10 de enero 1981. El día que llegué a El Salvador. Hace treinta años. Llegué en un vuelo de Managua, en la mañana. Acompañado de Hernán Vera, cineasta venezolano que luego entró en el mundo de las leyendas de las guerrillas de Morazán como “Maravilla”. Hernán con su equipo de video, cámara y grabadora Umatic. Yo con mi querida Canon A1. Listos para documentar y proyectar la insurreción que este mismo día, a las 5 de la tarde, iba a generalizarse en el país con la “ofensiva final” guerrillera. Nosotros formábamos parte de esta ofensiva, de su parte mediática. Entusiasmados de la idea que esta iba a ser la primera revolución que tendría como parte estratégica, a la par de la militar y la política, un frente mediático. Que no íbamos a ser solo observadores y documentalistas, sino protagonistas.
Nunca durante los acontecimientos dramáticos este enero del 1981 (que merecen ser contados con más espacio) se me cruzó por la cabeza que 30 años después iba continuar viviendo en este país, tener aquí mis raíces, mi familia, mi negocio, mi vida política y periodística.
Retrospectivamente estoy convencido que este día 10 de enero del año 1981 empezó una historia que, cambiando el país El Salvador, también me cambió a mi profundamente y dejó como final casi lógico que yo me quedara. Años después de terminar la guerra, de visita en Alemania, me di cuenta que también este mi país originario había sufrido un cambio profundo, traumático y radical: la revolución pacífica en el este, la caída del muro y del comunismo, la reunificación de los dos estados... Pero como yo no había estado presente, no había vivido este proceso histórico, no me sentí parte del resultado. Ya no era mi país.
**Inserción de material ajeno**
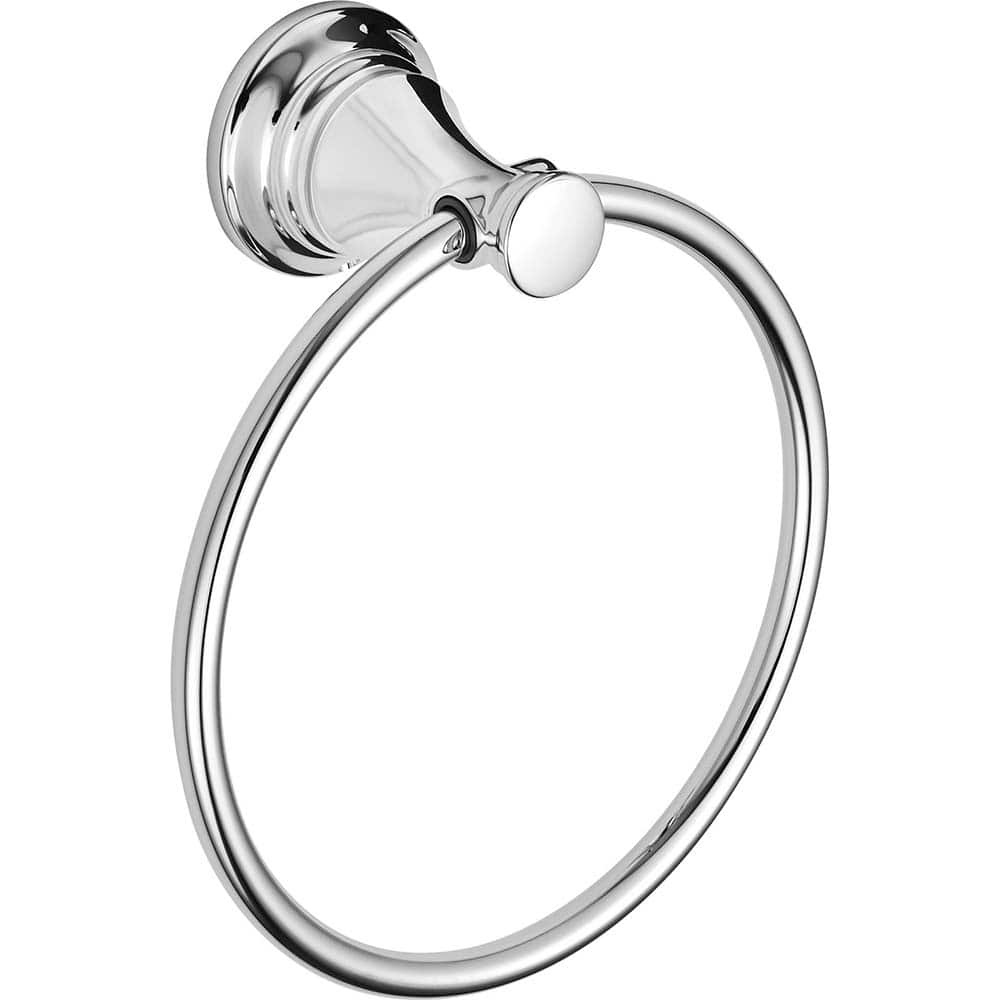 American Standard - Washroom Shelves, Soap Dishes & Towel Holders; Type: Towel Ring ; Material: Metal ; Length (Inch): 8-1/4 ; Width (Inch): 8-1/4 ; Depth (Inch): 2.875 ; Finish/Coating: Polished Chrome - Exact Tool & Supply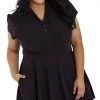 HELL BUNNY CARLIE MINI DRESS PURPLE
En cambio, en los históricos acontecimientos que en estos mismos años habían transformado a El Salvador -la guerra, la paz, la reconciliación, la construcción de la democracia- yo no solamente había estado presente, sino me había convertido en protagonista. Me identificaba profundamente con el resultado: un país por hacer; una democracia por construir; una nación superando su historia de represión y autoritarismo, dispuesta a unificarse y progresar... De repente, este era mi país.
Esto me lleva a la otra fecha histórica de este mes: el 16 de enero de 1992, el día que sellamos la paz. En la derecha y en la izquierda hay quienes asumen el 16 de enero del 1992 como el día que terminamos la fase militar del conflicto para continuar, cada uno por su lado, a imponer su modelo de país. Y hay quienes entendemos el 16 de enero del 1992 como el día que los adversarios nos comprometimos a conjuntamente construir un país nuevo.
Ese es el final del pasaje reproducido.